(Data listing)
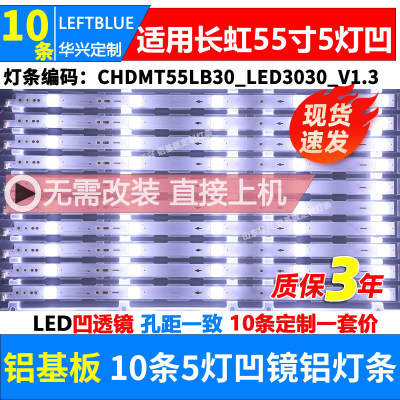 鲁至适用长虹55Q5N 55D3C 55Q3T曲面背光灯条CHDMT55LB30-LED3030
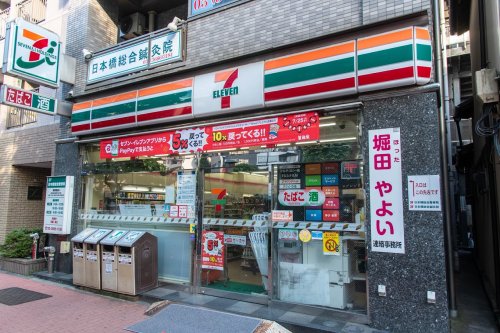 コンビニ　セブンイレブン 日本橋浜町店（コンビニ）まで456m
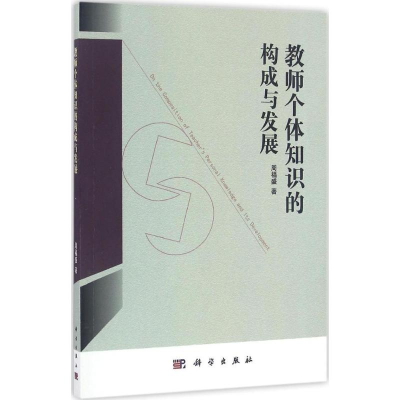 醉染图书教师个体知识的构成与发展9787030498328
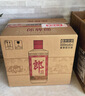 郎酒郎牌郎酒 酱香型白酒 53度 500mL*6瓶 （六瓶装） 实拍图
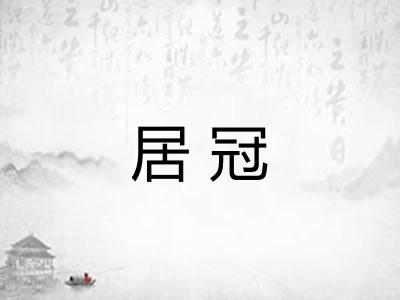 居冠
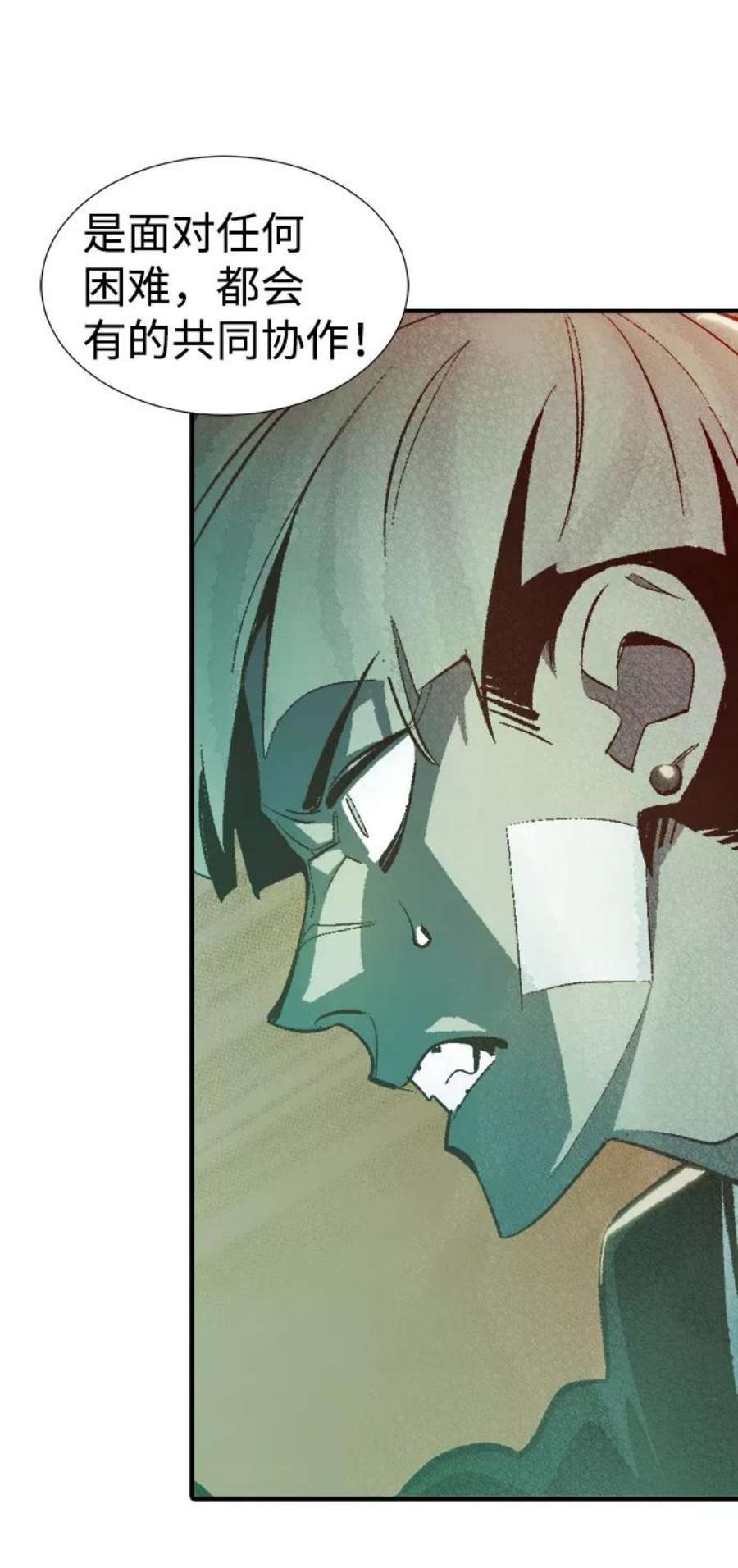 死灵法师：亡灵支配者第35话 吸血鬼狩猎（6）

(The task) Copy all of the material word for word, and include none of its pictures.

(Response below)
 鲁至适用长虹55Q5N 55D3C 55Q3T曲面背光灯条CHDMT55LB30-LED3030
 コンビニ　セブンイレブン 日本橋浜町店（コンビニ）まで456m
 醉染图书教师个体知识的构成与发展9787030498328
 郎酒郎牌郎酒 酱香型白酒 53度 500mL*6瓶 （六瓶装） 实拍图
 居冠
 死灵法师：亡灵支配者第35话 吸血鬼狩猎（6）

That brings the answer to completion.